Posted there, but looking for a single shot 30-30 besides going to Gander for Retail...


----------



## AbuMike (Sep 3, 2007)

You should try posting this on all the boards............opcorn::beer:


----------



## Tater639 (Apr 6, 2011)

I figured Marketplace was appropriate, but hunting forum may gain attention too....


----------



## Finger_Mullet (Aug 19, 2005)

I will cut you a good deal on a single shot 270. Brand new and never been shot.

Darin


----------



## bstarling (Apr 24, 2005)

Finger_Mullet said:


> I will cut you a good deal on a single shot 270. Brand new and never been shot.
> 
> Darin


???


----------



## Garboman (Jul 22, 2010)

Get the 270

As soon as you got a 30 30 you will see "El Capitan" at 450 yards and by the time you figure the hold over Rifle Season will be over


----------



## Finger_Mullet (Aug 19, 2005)

bstarling said:


> ???



Why long for a 30-30 single shot when you can have a 270?? Just trying to help a brother out.
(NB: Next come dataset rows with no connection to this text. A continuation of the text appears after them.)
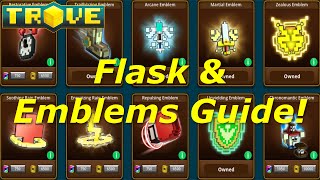 Trove Flask amp Emblem GuideTutorial Best Emblems for Each Class [upl. by Abehshtab]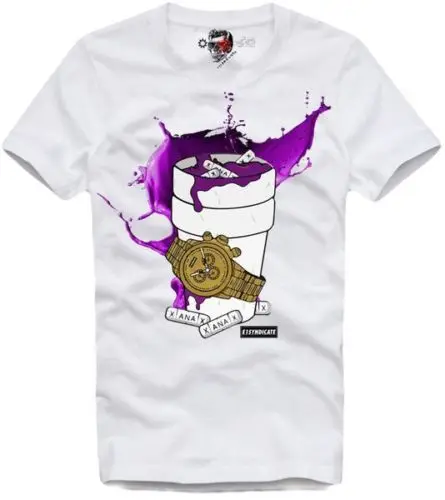 

T Shirt Codeine Codein Purple Lean Xanax Weed Lsd Bong Mdma 2019 New Arrival Men'S Fashion Funny Tees Short 3D Print T Shirt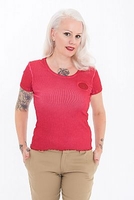 Queen Kerosin Speedway Cherry,  t-shirt women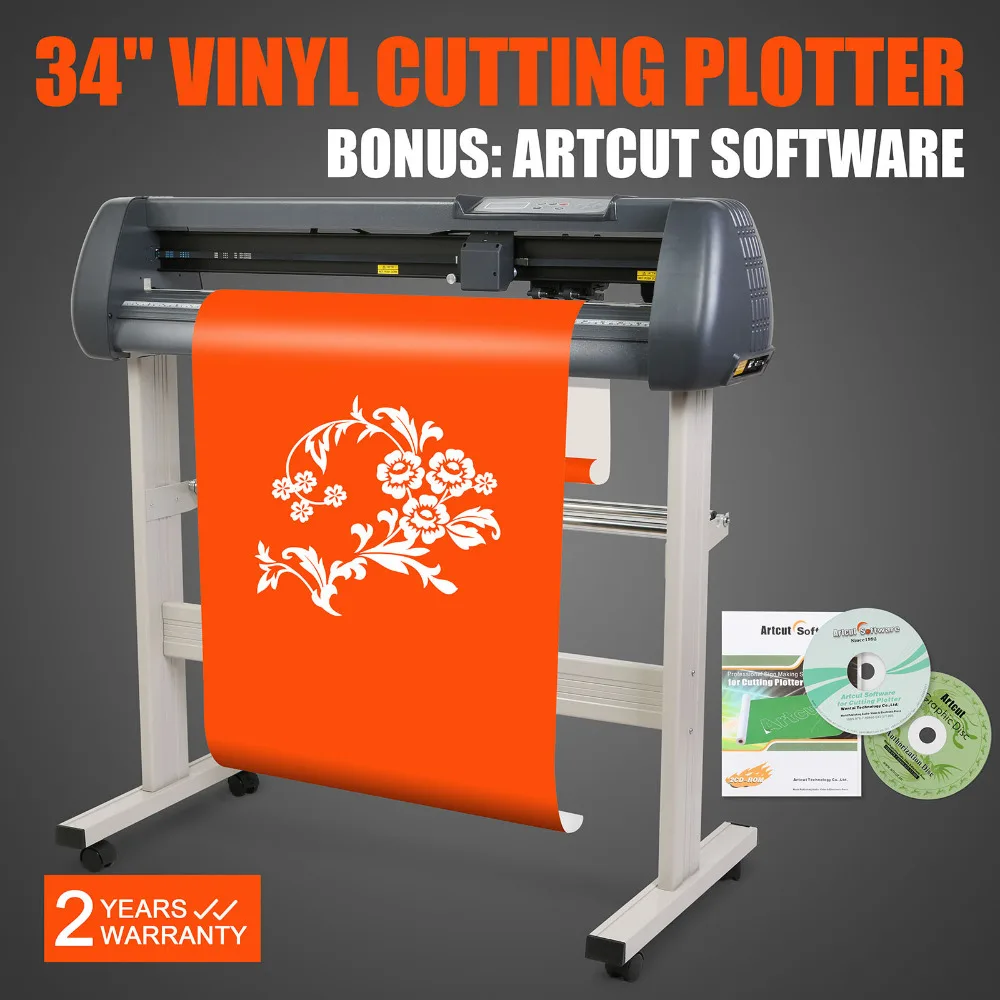 

34" 870MM Vinyl Software Cut Function Sticker Cutter Cutting PLotter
He must not be interested. 

Darin


----------



## js1172 (Jun 5, 2012)

cause them 30/30's is deadly, when you shoot at game you have to be very careful following up the shot, if you get in a hurry, the bullet is liable to hit ya in the back of the head!!!! never had much use for them myself, killed my first deer with one but that didn't make me like them.
js


----------



## NC KingFisher (Nov 20, 2011)

Why a single shot?


----------



## Finger_Mullet (Aug 19, 2005)

NC KingFisher said:


> Why a single shot?


Because that it what I had for sale. Technically it is not for sale. I just made that remark because BStarling ordered it for me a few months ago and I was just jerking his chain to see what kind of response I would get. Well, for enough $ everything is for sale.

Darin


----------



## Tater639 (Apr 6, 2011)

Hey Darin,
I haven't been on in a while... What kind of deal do you have on a SS 270? PM me


----------